[The input]
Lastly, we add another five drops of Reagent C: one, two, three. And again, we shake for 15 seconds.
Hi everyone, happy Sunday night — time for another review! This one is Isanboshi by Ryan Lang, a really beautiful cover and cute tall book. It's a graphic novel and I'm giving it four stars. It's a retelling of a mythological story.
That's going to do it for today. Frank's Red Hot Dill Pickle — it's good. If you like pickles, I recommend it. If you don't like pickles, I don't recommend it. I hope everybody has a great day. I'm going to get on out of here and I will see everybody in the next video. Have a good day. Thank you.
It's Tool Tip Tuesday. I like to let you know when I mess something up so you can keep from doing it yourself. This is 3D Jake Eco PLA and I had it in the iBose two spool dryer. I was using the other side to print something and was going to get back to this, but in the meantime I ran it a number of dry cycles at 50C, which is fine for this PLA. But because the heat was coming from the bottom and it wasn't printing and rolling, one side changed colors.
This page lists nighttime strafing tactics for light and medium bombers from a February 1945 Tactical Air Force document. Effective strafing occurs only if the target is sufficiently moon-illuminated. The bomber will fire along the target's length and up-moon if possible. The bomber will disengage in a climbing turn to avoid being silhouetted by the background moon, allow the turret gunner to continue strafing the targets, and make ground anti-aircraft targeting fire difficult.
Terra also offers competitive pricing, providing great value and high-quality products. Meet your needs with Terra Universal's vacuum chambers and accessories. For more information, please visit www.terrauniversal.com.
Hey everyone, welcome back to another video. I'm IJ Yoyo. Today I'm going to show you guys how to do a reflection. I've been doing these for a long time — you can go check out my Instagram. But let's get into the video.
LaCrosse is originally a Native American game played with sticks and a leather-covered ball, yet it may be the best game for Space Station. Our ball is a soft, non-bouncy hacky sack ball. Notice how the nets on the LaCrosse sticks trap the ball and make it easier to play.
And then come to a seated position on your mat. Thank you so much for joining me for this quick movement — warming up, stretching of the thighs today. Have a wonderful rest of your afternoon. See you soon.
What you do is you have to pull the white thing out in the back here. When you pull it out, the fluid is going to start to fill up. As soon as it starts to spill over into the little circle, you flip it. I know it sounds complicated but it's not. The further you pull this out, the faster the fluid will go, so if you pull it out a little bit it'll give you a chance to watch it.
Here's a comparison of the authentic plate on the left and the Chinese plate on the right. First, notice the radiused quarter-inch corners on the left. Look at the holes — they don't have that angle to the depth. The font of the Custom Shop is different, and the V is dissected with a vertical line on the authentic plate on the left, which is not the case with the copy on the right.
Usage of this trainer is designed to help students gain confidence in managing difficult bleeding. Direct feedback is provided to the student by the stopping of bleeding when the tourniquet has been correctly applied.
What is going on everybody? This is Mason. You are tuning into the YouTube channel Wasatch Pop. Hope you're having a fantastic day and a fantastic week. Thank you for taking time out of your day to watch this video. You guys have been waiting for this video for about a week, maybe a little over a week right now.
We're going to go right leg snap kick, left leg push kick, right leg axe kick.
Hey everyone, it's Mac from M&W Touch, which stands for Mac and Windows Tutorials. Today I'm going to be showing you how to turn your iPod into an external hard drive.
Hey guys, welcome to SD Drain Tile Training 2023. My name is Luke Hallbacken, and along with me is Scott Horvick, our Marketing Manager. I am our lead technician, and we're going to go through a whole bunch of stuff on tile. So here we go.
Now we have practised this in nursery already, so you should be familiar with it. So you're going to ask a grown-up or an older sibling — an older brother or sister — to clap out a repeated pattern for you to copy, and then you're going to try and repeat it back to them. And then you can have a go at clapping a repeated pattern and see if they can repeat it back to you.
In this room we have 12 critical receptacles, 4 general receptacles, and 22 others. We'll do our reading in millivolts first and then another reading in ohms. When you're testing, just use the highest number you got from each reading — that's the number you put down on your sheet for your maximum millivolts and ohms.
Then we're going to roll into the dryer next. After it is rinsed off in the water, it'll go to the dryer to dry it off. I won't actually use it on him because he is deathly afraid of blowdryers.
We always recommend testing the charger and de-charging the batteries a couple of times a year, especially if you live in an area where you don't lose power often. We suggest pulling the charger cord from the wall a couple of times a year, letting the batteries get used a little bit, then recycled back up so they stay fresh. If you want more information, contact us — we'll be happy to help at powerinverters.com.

[About this exercise]
Reproduce the listing above exactly, in its entirety.

[Task response]
Lastly, we add another five drops of Reagent C: one, two, three. And again, we shake for 15 seconds.
Hi everyone, happy Sunday night — time for another review! This one is Isanboshi by Ryan Lang, a really beautiful cover and cute tall book. It's a graphic novel and I'm giving it four stars. It's a retelling of a mythological story.
That's going to do it for today. Frank's Red Hot Dill Pickle — it's good. If you like pickles, I recommend it. If you don't like pickles, I don't recommend it. I hope everybody has a great day. I'm going to get on out of here and I will see everybody in the next video. Have a good day. Thank you.
It's Tool Tip Tuesday. I like to let you know when I mess something up so you can keep from doing it yourself. This is 3D Jake Eco PLA and I had it in the iBose two spool dryer. I was using the other side to print something and was going to get back to this, but in the meantime I ran it a number of dry cycles at 50C, which is fine for this PLA. But because the heat was coming from the bottom and it wasn't printing and rolling, one side changed colors.
This page lists nighttime strafing tactics for light and medium bombers from a February 1945 Tactical Air Force document. Effective strafing occurs only if the target is sufficiently moon-illuminated. The bomber will fire along the target's length and up-moon if possible. The bomber will disengage in a climbing turn to avoid being silhouetted by the background moon, allow the turret gunner to continue strafing the targets, and make ground anti-aircraft targeting fire difficult.
Terra also offers competitive pricing, providing great value and high-quality products. Meet your needs with Terra Universal's vacuum chambers and accessories. For more information, please visit www.terrauniversal.com.
Hey everyone, welcome back to another video. I'm IJ Yoyo. Today I'm going to show you guys how to do a reflection. I've been doing these for a long time — you can go check out my Instagram. But let's get into the video.
LaCrosse is originally a Native American game played with sticks and a leather-covered ball, yet it may be the best game for Space Station. Our ball is a soft, non-bouncy hacky sack ball. Notice how the nets on the LaCrosse sticks trap the ball and make it easier to play.
And then come to a seated position on your mat. Thank you so much for joining me for this quick movement — warming up, stretching of the thighs today. Have a wonderful rest of your afternoon. See you soon.
What you do is you have to pull the white thing out in the back here. When you pull it out, the fluid is going to start to fill up. As soon as it starts to spill over into the little circle, you flip it. I know it sounds complicated but it's not. The further you pull this out, the faster the fluid will go, so if you pull it out a little bit it'll give you a chance to watch it.
Here's a comparison of the authentic plate on the left and the Chinese plate on the right. First, notice the radiused quarter-inch corners on the left. Look at the holes — they don't have that angle to the depth. The font of the Custom Shop is different, and the V is dissected with a vertical line on the authentic plate on the left, which is not the case with the copy on the right.
Usage of this trainer is designed to help students gain confidence in managing difficult bleeding. Direct feedback is provided to the student by the stopping of bleeding when the tourniquet has been correctly applied.
What is going on everybody? This is Mason. You are tuning into the YouTube channel Wasatch Pop. Hope you're having a fantastic day and a fantastic week. Thank you for taking time out of your day to watch this video. You guys have been waiting for this video for about a week, maybe a little over a week right now.
We're going to go right leg snap kick, left leg push kick, right leg axe kick.
Hey everyone, it's Mac from M&W Touch, which stands for Mac and Windows Tutorials. Today I'm going to be showing you how to turn your iPod into an external hard drive.
Hey guys, welcome to SD Drain Tile Training 2023. My name is Luke Hallbacken, and along with me is Scott Horvick, our Marketing Manager. I am our lead technician, and we're going to go through a whole bunch of stuff on tile. So here we go.
Now we have practised this in nursery already, so you should be familiar with it. So you're going to ask a grown-up or an older sibling — an older brother or sister — to clap out a repeated pattern for you to copy, and then you're going to try and repeat it back to them. And then you can have a go at clapping a repeated pattern and see if they can repeat it back to you.
In this room we have 12 critical receptacles, 4 general receptacles, and 22 others. We'll do our reading in millivolts first and then another reading in ohms. When you're testing, just use the highest number you got from each reading — that's the number you put down on your sheet for your maximum millivolts and ohms.
Then we're going to roll into the dryer next. After it is rinsed off in the water, it'll go to the dryer to dry it off. I won't actually use it on him because he is deathly afraid of blowdryers.
We always recommend testing the charger and de-charging the batteries a couple of times a year, especially if you live in an area where you don't lose power often. We suggest pulling the charger cord from the wall a couple of times a year, letting the batteries get used a little bit, then recycled back up so they stay fresh. If you want more information, contact us — we'll be happy to help at powerinverters.com.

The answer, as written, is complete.